Marcelo evoca o "mais destacado intelectual público"

O Presidente da República, Marcelo Rebelo de Sousa, evocou e agradeceu ao ensaísta Eduardo Lourenço, que considerou ser, desde o início da segunda metade do século passado, o "mais destacado intelectual público" e uma "figura essencial" de Portugal.

"Eduardo Lourenço [que morreu esta terça-feira, 1 de dezembro, aos 97 anos] foi, desde o início da segunda metade do século passado, o nosso mais importante ensaísta e crítico, o nosso mais destacado intelectual público", refere uma nota divulgada no site da Presidência da República.

De acordo com Marcelo Rebelo de Sousa, o ensaísta nunca esteve "alheado dos debates do nosso tempo, nem das vicissitudes da política".

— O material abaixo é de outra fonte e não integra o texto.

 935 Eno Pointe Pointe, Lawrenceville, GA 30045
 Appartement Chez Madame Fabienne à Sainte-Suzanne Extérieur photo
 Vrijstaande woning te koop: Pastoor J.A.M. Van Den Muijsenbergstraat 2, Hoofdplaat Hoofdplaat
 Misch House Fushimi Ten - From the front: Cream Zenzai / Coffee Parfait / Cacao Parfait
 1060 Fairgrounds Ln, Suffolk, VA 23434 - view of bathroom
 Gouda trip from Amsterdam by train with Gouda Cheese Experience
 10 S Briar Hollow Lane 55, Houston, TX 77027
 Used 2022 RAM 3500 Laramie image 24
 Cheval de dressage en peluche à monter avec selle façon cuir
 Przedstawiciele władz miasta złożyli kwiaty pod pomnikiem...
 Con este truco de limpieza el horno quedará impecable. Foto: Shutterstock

"Devemos-lhe algumas das leituras mais decisivas de Pessoa, que marcam um antes e um depois, e um envolvimento, muitas vezes heterodoxo, nas questões religiosas, filosóficas e ideológicas contemporâneas, do existencialismo ao cristianismo conciliar e à Revolução", enalteceu.

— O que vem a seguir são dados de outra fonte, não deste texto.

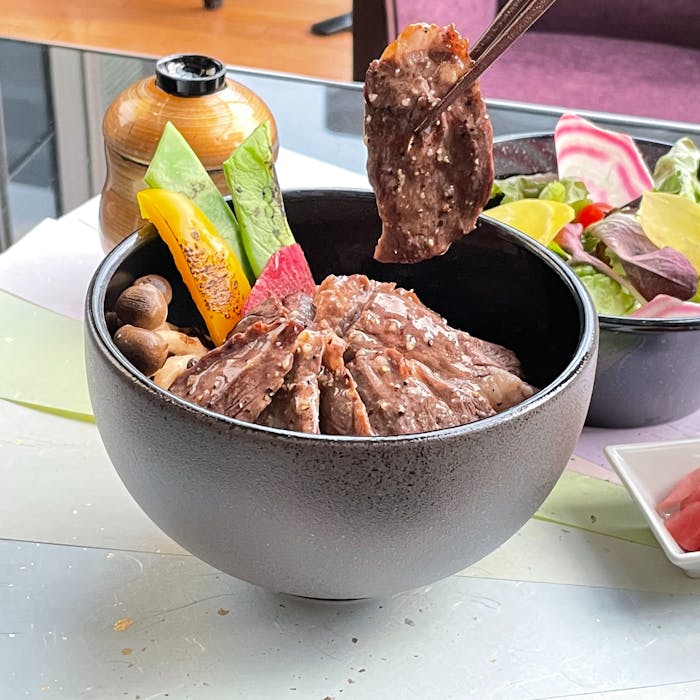 テラスカフェ バー 鉄板焼 凛庭 ホテルトラスティ大阪阿倍野 カフェ 柔らかくジューシーなハラミを使った焼肉丼 サラダ お味噌汁 食後の選べるカフェ付 ランチ プラン メニュー 一休 Comレストラン テラスカフェ バー 鉄板焼 凛庭 ホテルトラスティ大阪阿倍野 カフェ 柔らかくジューシーなハラミを使った焼肉丼 サラダ お味噌汁 食後の選べるカフェ付 ランチ プラン メニュー 一休 Comレストラン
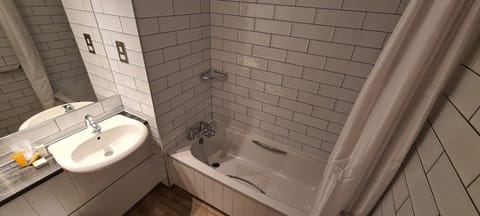 Combined shower/tub, free toiletries, towels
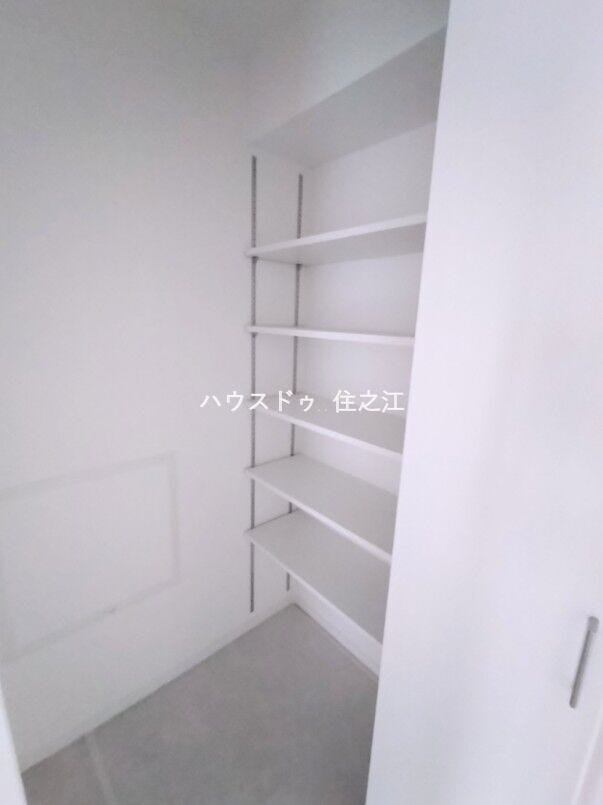 玄関横に便利な収納がございます♪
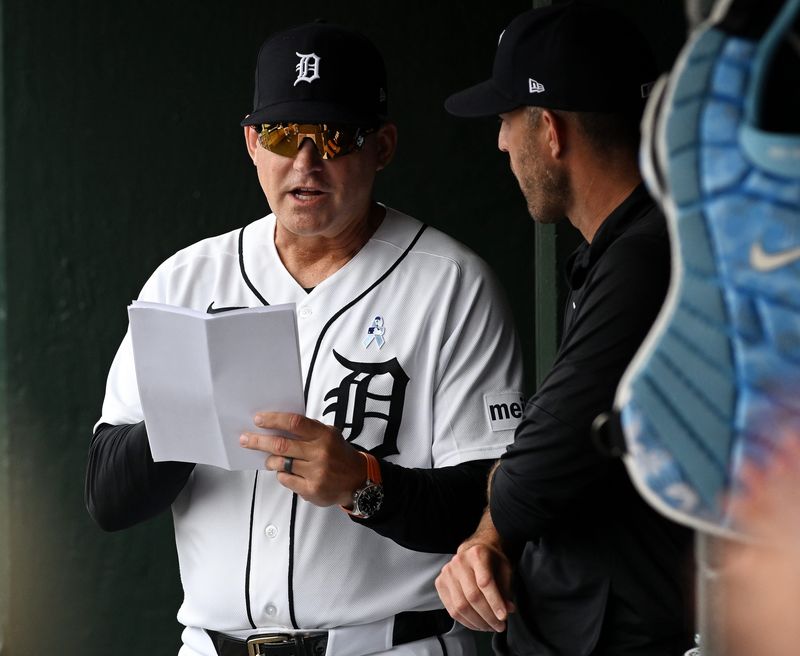 Tigers manager AJ Hinch, left, talks with pitching coach Chris Fetter in the tenth inning. Detroit Tigers take on the Chicago White Sox on June 21, 2026 at Comerica Park in Detroit. Tigers win, 5-4, 10 innings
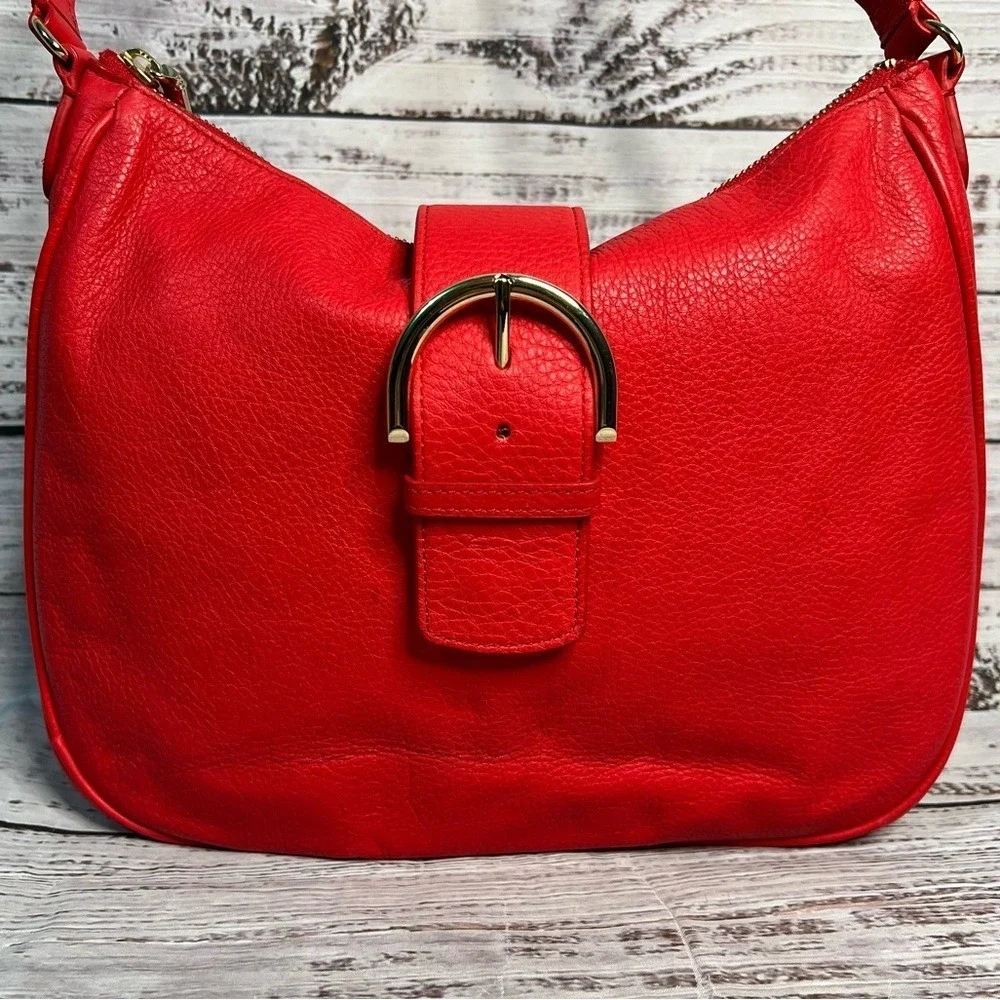 Talbots Soft Pebbled Leather Hobo Bag Red‎ Buckle Strap
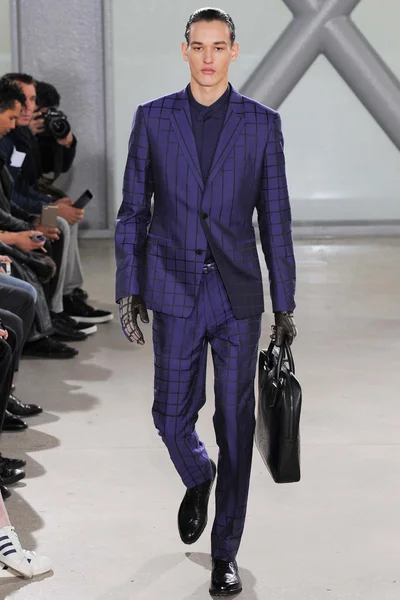 Look 1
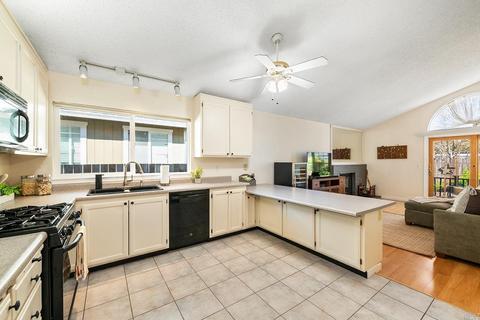 809 Bond Pl, Windsor, CA 95492 photo 9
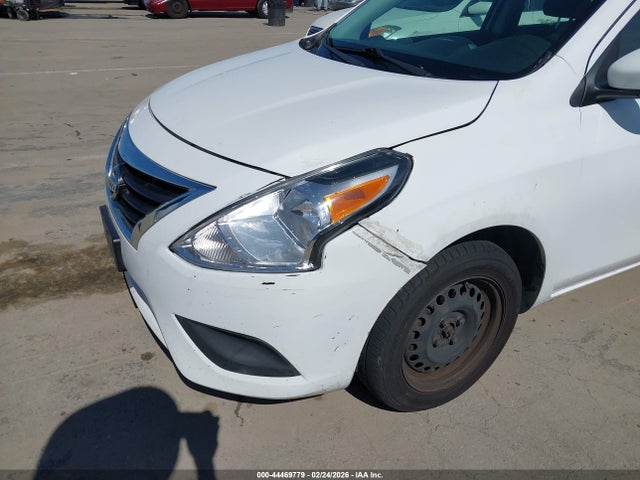 3N1CN7AP2JL845927 Nissan Versa 1.6 Sv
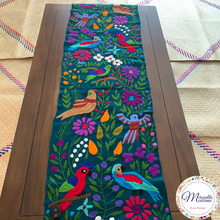 Load image into Gallery viewer, Table Runner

Entre "todos os intelectuais portugueses da sua envergadura", na perspetiva do chefe de Estado, "nenhum outro foi tão alheio à altivez, à autossatisfação, ao desdém intelectual, ao desinteresse pelas gerações seguintes".

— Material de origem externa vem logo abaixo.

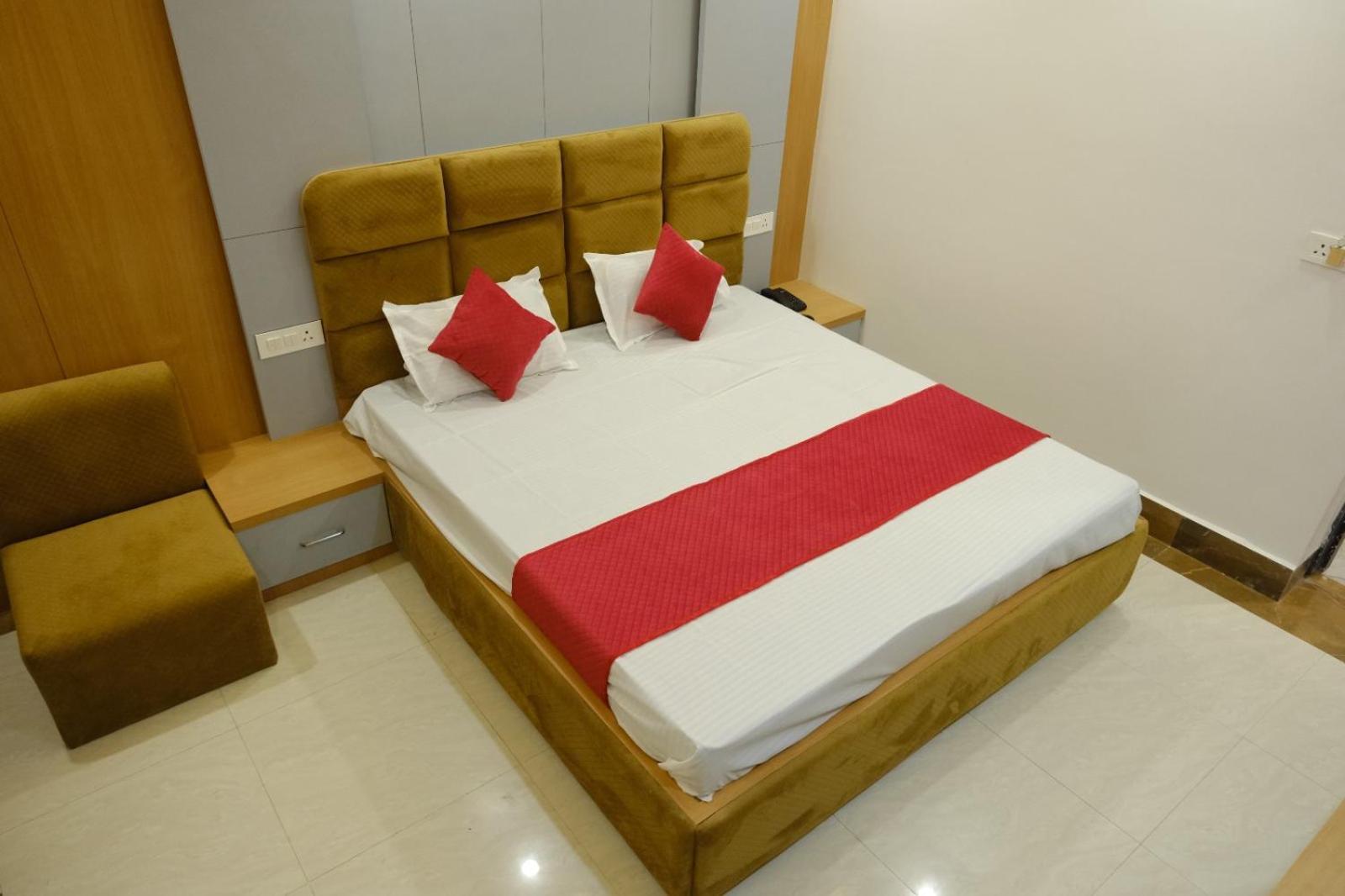 Hotel Golden Continental Deoghar Ngoại thất bức ảnh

"Vencedor de diversos prémios, incluindo o Pessoa e o Camões, distinguido por quatro vezes com ordens nacionais, e também reconhecido no estrangeiro, o Prof. Eduardo Lourenço deu-me a honra de integrar o Conselho de Estado", elencou.

Marcelo Rebelo de Sousa apresentou as suas sentidas condolências aos familiares "pela perda deste amigo, deste sábio, desta figura essencial do Portugal em que vivemos".

Ministra lamenta morte de "uma das mentes mais brilhantes deste país"

A ministra da Cultura, Graça Fonseca, lamentou a morte de Eduardo Lourenço, que classificou de "uma das mentes mais brilhantes deste país".

"Não posso deixar de lamentar profundamente a morte de Eduardo Lourenço, uma das mentes mais brilhantes deste país", disse Graça Fonseca, numa mensagem enviada à agência Lusa.

A governante acrescentou que "Eduardo Lourenço foi um pensador, arguto e sensível como poucos, e incansável combatente do caos dos dias".